5. We heard counsel. The seller had initially given conflicting statement about the sale consideration he received. When confronted by the Revenue on 11-12-1998, the seller admitted that he had deposited Rs. 4.10 lakhs received through draft in the bank and the rest amount was held by him in cash. The Revenue authorities could well have seized the cash invoking section 132 of the Act, but for obvious reasons this was not done. Had the cash been seized from the seller, the matter would have been concluded in favour of the In a subsequent submission, the seller claimed on 20-11-2000 that he had paid Rs. 15 lakhs out of the sale proceeds to settle old family debts, Rs. 4.80 lakhs for construction of house in Pullkasi Village and the balance was advanced to parties for keeping Rs. 2 lakhs and Rs. 3 lakhs in the house for family expenses and educational expenses of his daughter, respectively. It was also noted that the revised return was filed by the seller wherein he had shown approximately Rs. 2.5 lakhs being available with him in cash. Even after giving the retraction and admitting that he had sold the property for a sale consideration of Rs. 4.10 lakhs, the seller filed his income-tax return on 28-1-2000, wherein he did not admit the cash on money consideration for the sale transaction. Subsequently he revised the income-tax return wherein he admitted the sale consideration and showing Rs. 4.80 lakhs out of the above as utilised for construction of residential house property and consequently claiming exemption under section 54, the seller filed the computation of income paying Rs. 1,83,576 as tax, which was quite evident from the conflicting statements given by the seller and the conflicting income-tax returns filed by him that his action of admitting sale consideration and paying tax was nothing but an obvious effort to save from further harassment from the Revenue and escape from the exigibility of tax on undisclosed income of the cash consideration under section 158BD of the Act, which in magnitude would far exceed the tax paid by him. The burden of proving actual consideration in such transaction was that of the Revenue. The Tribunal had given factual finding and held as follows :
“We find that it is the uniform view of the courts and also held by the Apex Court as reported in K.P. Varghese v. ITO [1981] 131 ITR 597 the burden of proving actual consideration in such transaction is that of the Reve-nue. Considering the entire gamut of the case, we find that the Revenue has failed to discharge its duties and as held by the learned Commissioner of Income-tax (Appeals) instead made up a case on surmises and conjectures which cannot be allowed. Under the circumstances, we do not find any infirmity in the order of the learned Commissioner of Income-tax (Appeals) and we uphold the appellate order in this regard.”

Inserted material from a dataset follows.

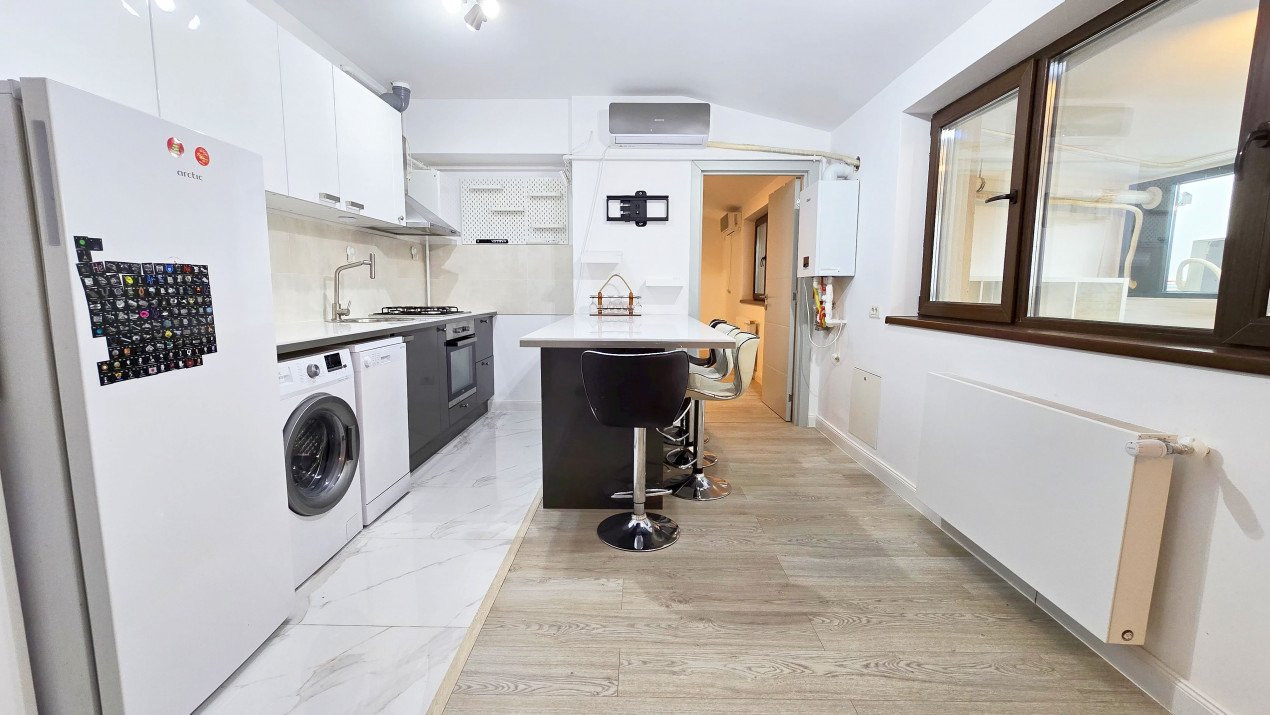 Apartament intim in bloc elegant cu gradina - Sisesti 59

6. We also found that the Assessing Officer did not conduct any independent enquiry relating to the value of the property purchased. He merely relied on the statement given by the seller. If he would have taken independent enquiry by referring the matter with the Valuation Officer, the controversy could have been avoided. Failing to refer the matter was a fatal one.
7. In view of the foregoing conclusions, we find no error in the order of the Income-tax Appellate Tribunal and requires no interference. Hence no substantial questions of law arises for consideration of this Court. Accordingly, the above tax case is dismissed.”
102. It is material to mention here that the Revenue went in further appeal before the Hon’ble Supreme Court. The Hon’ble Apex Court in its judgment reported in 294 ITR 49 did not find any infirmity in the order of the Hon’ble High Court.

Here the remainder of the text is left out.